I wrenched the wheel back to attack the next gap — and ran over cone number three. Floored the accelerator to power out of the bend. Swung wide and missed cone five. Damn it! We had the things much too close together … Well, that was easy fixed. I’d just aim for every second gap.
That was better. I liked the feel of the car swinging out of one bend, then back the other way to attack the next gap. I spoiled the run by clipping the final cone, but I was pleased. Counting the last cone, I’d only taken out two.
‘Eat my dust,’ I said as I hauled myself out of the car.
But Buzz had already raced away to reposition the cones so they were further apart.
Robbie went at it like the world was ending, and even with the wide gaps left only four out of the twenty cones standing.
Buzz nailed it on his next go.
It took me a couple of turns before I managed it, but we lost count of how many runs Robbie did before he came back happy and with twenty cones standing in a line behind him.
Then Buzz did a run that made me and Robbie
think he’d lost his marbles.
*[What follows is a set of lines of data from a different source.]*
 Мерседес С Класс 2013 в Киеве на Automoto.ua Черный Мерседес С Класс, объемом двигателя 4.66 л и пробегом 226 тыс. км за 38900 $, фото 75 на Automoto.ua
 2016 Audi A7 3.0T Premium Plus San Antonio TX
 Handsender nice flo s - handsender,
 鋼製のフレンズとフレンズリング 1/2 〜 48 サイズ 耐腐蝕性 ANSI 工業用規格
He clipped every single cone —
and
he came back looking pleased with himself.
‘Beat that,’ he said to me as we swapped over. ‘You’ve got to clip each one of the suckers with the back of the car. See how far you can fire it.’
That kept us busy, and it was harder than it looked — but then I was finding out that most of this stuff was. Like handbrakeys, for starters. Just to prove it, I tried one at the end of the run, missing the final cone in the process.
I’d kind of given up expecting it to work but the whole thing came together and just flowed. Foot off the gas, turn the wheel with right hand, pull on the handbrake, foot on clutch, release handbrake — and I was round. I drove back to the others, waving through the window and punching the air.
Robbie climbed in for his turn. ‘I’ll nail the bastard,’ he muttered, and he didn’t mean the slalom, which he ignored.
He nearly did nail the handbrakey, but the car didn’t quite make it right round.
Buzz’s phone started playing some dumb song. Time for him to go to his stink cows. Time for Robbie to head for his broom. Time for me to sit in the sun.
Except that when I got home, Gramps had other ideas.
‘Here, Jake. Take these and put them up at the dairy, any café you can think of, and drop a few off round the neighbours.’ He shoved a bundle of paper at me.
‘What the …’ I couldn’t believe my eyes. The old
bugger had done a flyer with a photo saying what a hard worker I was and how I needed a job I could do round school hours.